Input material Start Marker

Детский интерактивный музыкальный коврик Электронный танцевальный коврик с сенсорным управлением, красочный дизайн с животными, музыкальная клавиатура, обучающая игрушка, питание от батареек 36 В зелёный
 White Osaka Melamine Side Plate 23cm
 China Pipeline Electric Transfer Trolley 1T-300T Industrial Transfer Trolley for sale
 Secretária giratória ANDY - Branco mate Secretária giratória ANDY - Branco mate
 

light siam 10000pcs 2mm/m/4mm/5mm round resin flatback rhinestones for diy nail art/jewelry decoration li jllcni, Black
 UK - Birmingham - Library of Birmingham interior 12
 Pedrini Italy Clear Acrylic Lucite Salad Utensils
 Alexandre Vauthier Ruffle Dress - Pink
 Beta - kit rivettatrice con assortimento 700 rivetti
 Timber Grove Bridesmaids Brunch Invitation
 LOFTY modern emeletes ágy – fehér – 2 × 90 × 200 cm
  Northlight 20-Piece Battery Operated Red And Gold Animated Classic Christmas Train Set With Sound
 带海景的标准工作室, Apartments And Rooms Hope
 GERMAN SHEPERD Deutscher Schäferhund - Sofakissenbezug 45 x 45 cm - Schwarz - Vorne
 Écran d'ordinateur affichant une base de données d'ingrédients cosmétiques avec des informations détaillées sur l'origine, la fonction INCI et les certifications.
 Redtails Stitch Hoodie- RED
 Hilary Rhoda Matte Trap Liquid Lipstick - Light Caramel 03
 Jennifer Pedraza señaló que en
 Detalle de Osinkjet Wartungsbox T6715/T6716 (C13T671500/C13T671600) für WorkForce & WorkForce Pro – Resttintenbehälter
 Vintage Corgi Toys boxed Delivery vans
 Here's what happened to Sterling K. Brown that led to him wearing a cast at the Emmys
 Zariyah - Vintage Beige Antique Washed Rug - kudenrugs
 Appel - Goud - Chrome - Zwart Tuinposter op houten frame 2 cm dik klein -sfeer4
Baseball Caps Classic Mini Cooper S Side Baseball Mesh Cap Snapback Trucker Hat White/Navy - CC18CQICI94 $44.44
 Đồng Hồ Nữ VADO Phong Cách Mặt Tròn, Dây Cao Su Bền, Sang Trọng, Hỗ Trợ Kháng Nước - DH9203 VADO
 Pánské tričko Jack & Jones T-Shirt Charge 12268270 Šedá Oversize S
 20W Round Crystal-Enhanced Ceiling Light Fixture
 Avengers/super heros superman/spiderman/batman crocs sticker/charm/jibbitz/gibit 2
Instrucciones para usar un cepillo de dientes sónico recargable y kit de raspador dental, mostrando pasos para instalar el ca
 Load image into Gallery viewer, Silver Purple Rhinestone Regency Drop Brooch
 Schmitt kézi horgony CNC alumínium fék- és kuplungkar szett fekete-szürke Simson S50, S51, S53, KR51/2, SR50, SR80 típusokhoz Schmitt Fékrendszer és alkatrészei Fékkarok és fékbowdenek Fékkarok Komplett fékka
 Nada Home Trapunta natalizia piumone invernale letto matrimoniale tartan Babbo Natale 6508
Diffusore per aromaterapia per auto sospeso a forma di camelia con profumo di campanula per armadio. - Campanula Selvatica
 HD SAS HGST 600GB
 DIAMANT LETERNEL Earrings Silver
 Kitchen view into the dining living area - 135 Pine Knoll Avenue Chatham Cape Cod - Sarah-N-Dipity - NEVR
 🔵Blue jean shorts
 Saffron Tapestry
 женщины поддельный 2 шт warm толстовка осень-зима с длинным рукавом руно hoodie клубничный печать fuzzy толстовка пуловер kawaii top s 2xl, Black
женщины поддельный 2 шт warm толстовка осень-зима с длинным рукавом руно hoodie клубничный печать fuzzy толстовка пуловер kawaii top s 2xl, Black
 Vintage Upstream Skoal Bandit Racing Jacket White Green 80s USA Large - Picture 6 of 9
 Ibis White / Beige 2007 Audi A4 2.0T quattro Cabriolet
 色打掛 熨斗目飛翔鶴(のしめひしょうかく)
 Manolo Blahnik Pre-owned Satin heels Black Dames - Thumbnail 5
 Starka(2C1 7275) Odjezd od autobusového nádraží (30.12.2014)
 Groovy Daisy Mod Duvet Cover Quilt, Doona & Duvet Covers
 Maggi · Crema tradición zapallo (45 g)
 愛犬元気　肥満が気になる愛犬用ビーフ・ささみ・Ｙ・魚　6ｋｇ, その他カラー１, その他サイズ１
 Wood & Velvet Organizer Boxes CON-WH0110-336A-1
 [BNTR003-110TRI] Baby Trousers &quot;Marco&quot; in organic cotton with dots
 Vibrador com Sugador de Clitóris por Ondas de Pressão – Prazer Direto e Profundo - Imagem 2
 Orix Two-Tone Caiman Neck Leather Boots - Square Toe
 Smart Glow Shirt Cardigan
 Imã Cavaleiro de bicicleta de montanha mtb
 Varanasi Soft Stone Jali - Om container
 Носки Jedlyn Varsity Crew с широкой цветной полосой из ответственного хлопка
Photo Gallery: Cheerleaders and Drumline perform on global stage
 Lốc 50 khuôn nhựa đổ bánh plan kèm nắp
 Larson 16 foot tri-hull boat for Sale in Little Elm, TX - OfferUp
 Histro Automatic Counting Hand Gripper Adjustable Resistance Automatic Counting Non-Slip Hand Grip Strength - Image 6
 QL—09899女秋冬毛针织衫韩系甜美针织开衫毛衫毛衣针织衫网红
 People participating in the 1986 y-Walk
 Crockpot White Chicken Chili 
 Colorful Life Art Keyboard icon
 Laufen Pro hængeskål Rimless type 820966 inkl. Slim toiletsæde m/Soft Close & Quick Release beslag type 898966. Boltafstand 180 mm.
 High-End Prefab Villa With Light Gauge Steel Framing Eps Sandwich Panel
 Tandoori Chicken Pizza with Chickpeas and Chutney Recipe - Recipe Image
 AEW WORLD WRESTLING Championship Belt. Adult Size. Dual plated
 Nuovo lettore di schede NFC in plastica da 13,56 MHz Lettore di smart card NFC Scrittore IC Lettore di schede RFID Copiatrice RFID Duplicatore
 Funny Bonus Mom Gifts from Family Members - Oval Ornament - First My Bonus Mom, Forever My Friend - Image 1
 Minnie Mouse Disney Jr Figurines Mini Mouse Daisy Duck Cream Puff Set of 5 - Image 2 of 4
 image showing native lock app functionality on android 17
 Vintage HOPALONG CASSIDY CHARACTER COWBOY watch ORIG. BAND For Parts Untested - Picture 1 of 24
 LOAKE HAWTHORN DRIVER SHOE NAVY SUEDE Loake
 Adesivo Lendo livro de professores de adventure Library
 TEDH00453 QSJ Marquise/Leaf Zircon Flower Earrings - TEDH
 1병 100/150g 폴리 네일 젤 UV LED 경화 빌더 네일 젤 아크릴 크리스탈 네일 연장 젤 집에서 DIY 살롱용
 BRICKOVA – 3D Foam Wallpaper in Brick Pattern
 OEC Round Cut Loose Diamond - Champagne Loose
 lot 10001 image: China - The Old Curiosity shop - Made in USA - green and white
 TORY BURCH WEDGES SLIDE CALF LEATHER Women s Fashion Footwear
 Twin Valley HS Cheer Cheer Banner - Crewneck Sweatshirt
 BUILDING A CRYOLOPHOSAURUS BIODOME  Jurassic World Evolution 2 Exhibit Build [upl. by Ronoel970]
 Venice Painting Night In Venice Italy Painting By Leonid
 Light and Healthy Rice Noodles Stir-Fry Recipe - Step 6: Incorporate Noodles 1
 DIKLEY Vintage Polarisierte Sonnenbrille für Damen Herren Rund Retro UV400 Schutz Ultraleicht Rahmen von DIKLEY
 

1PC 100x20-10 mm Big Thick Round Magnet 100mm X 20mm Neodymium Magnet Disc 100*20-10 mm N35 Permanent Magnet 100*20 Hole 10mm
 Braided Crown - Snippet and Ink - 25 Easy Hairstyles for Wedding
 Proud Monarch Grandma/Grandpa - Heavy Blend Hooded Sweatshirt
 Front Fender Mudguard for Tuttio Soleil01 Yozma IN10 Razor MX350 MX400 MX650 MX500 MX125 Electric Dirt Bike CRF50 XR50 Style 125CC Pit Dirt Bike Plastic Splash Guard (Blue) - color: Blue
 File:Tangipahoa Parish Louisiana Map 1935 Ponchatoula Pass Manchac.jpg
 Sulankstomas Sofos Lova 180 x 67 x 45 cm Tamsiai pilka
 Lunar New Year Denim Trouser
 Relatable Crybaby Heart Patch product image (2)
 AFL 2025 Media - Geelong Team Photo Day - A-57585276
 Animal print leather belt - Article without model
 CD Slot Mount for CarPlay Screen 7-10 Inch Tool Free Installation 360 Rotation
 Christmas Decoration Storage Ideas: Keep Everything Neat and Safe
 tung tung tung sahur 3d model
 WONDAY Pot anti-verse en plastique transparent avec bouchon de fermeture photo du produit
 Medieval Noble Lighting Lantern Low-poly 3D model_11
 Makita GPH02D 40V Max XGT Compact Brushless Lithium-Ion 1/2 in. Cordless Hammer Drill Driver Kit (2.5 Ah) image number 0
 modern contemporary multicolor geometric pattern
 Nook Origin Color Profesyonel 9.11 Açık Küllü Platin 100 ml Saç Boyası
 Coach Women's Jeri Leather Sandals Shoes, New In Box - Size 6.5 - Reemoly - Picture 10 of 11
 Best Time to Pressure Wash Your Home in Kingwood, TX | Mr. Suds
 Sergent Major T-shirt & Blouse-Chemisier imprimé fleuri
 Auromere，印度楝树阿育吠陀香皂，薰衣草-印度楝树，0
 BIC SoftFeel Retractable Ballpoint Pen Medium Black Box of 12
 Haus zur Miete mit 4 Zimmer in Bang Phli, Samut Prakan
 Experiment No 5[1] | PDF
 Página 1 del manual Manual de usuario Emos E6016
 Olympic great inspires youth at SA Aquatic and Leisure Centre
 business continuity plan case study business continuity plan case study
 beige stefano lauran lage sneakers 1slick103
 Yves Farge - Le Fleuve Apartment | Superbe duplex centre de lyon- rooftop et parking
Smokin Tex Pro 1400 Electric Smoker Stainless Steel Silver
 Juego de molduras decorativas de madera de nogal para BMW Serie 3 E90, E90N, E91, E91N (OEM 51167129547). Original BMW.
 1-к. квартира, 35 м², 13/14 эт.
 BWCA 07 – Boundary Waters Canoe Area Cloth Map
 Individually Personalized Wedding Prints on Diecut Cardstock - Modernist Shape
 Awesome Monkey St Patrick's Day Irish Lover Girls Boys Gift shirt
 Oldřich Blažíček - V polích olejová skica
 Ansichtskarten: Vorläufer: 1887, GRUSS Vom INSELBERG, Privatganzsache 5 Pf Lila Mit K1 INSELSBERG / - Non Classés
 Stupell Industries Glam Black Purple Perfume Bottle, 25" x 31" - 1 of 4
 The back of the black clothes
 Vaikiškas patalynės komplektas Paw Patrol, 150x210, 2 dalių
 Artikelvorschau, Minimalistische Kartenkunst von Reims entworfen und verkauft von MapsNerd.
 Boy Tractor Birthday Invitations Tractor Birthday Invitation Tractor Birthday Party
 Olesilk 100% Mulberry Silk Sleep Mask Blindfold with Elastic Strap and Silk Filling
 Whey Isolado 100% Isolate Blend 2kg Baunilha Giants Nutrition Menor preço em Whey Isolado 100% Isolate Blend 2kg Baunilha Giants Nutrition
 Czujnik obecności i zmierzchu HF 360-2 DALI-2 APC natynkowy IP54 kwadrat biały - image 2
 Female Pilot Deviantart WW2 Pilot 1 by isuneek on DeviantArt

Input material End Marker

All lines in the listing above from the line containing "Northlight 20-Piece Battery" to the line containing "Baseball Caps Classic", inclusive, should be retyped exactly; no other lines should appear.

Response to this task ▸
  Northlight 20-Piece Battery Operated Red And Gold Animated Classic Christmas Train Set With Sound
 带海景的标准工作室, Apartments And Rooms Hope
 GERMAN SHEPERD Deutscher Schäferhund - Sofakissenbezug 45 x 45 cm - Schwarz - Vorne
 Écran d'ordinateur affichant une base de données d'ingrédients cosmétiques avec des informations détaillées sur l'origine, la fonction INCI et les certifications.
 Redtails Stitch Hoodie- RED
 Hilary Rhoda Matte Trap Liquid Lipstick - Light Caramel 03
 Jennifer Pedraza señaló que en
 Detalle de Osinkjet Wartungsbox T6715/T6716 (C13T671500/C13T671600) für WorkForce & WorkForce Pro – Resttintenbehälter
 Vintage Corgi Toys boxed Delivery vans
 Here's what happened to Sterling K. Brown that led to him wearing a cast at the Emmys
 Zariyah - Vintage Beige Antique Washed Rug - kudenrugs
 Appel - Goud - Chrome - Zwart Tuinposter op houten frame 2 cm dik klein -sfeer4
Baseball Caps Classic Mini Cooper S Side Baseball Mesh Cap Snapback Trucker Hat White/Navy - CC18CQICI94 $44.44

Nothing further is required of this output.